▶ **Source data**
★ ★ ★ ★ ★

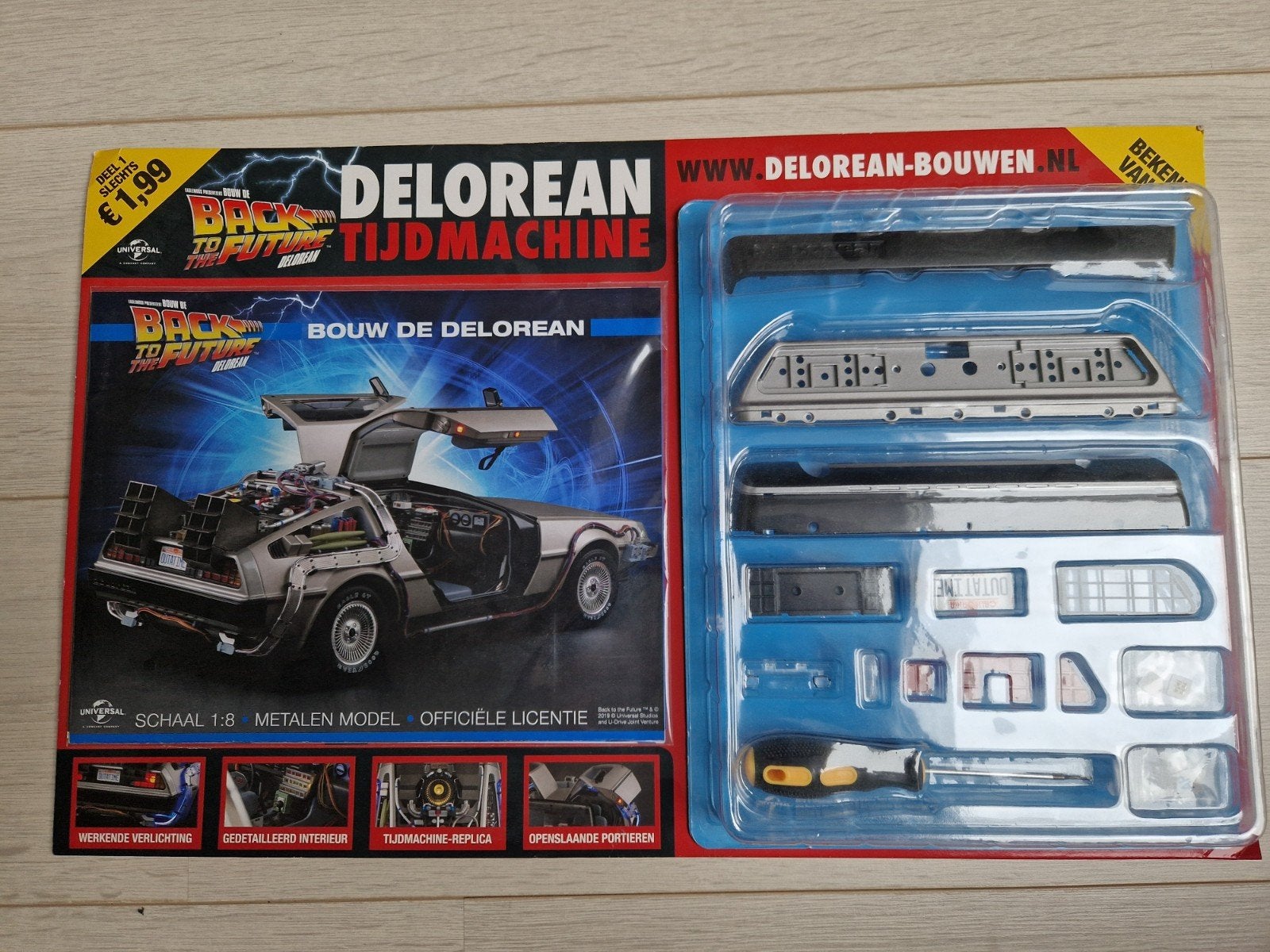 1:8 bouw de delorean van back to the future model 1 : 8, Ophalen of Verzenden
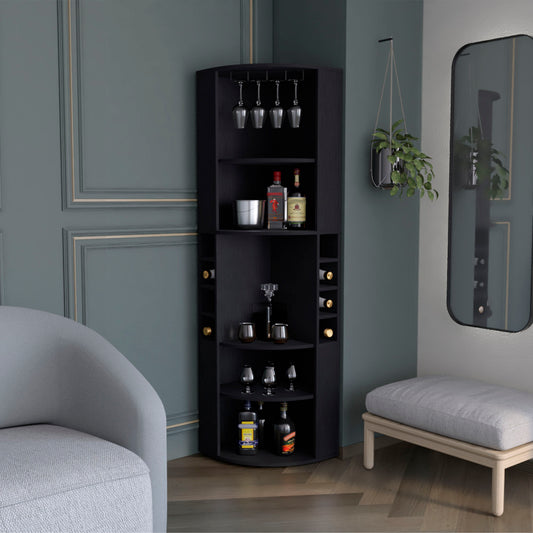 Oban Corner Bar Cabinet with Five Shelves , Eight Bottle Cubbies and Steamware Black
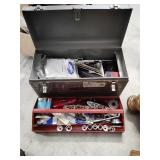 Metal toolbox with auto part assortment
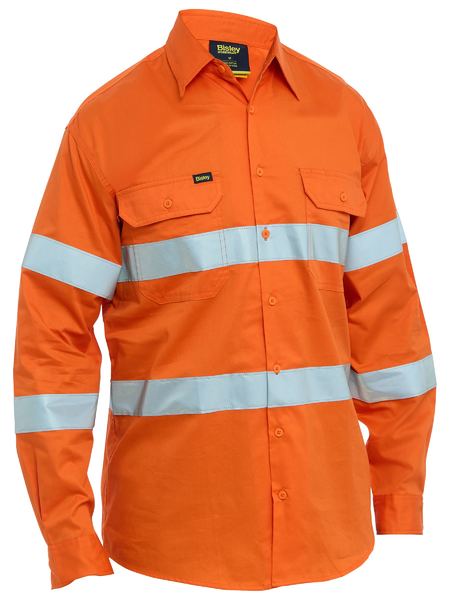 Bisley Hi Vis Taped Cool Lightweight Drill Shirt Long Sleeve (BISBS6698T)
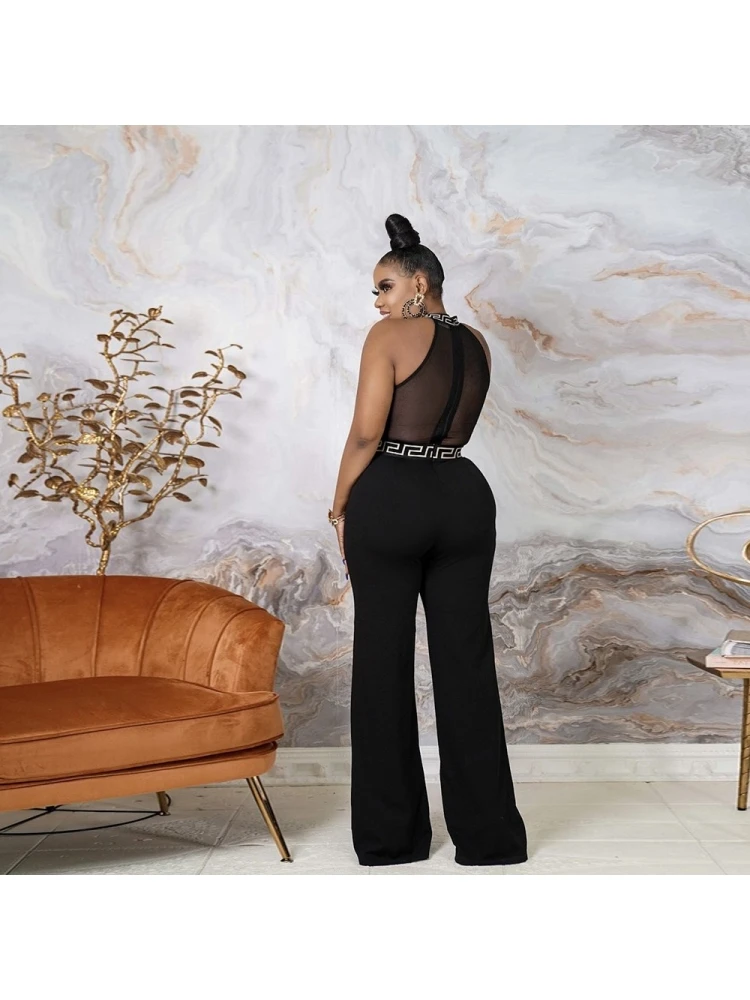 Sexy Mesh Patchwork Sleeveless Flared Leg Jumpsuits - Image 3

★ ★ ★ ★ ★

▶ **Task to complete**
Pictures must not appear in the copy, which must otherwise match the listing exactly.

▶ **Finished exercise**
 1:8 bouw de delorean van back to the future model 1 : 8, Ophalen of Verzenden
 Oban Corner Bar Cabinet with Five Shelves , Eight Bottle Cubbies and Steamware Black
 Metal toolbox with auto part assortment
 Bisley Hi Vis Taped Cool Lightweight Drill Shirt Long Sleeve (BISBS6698T)
 Sexy Mesh Patchwork Sleeveless Flared Leg Jumpsuits - Image 3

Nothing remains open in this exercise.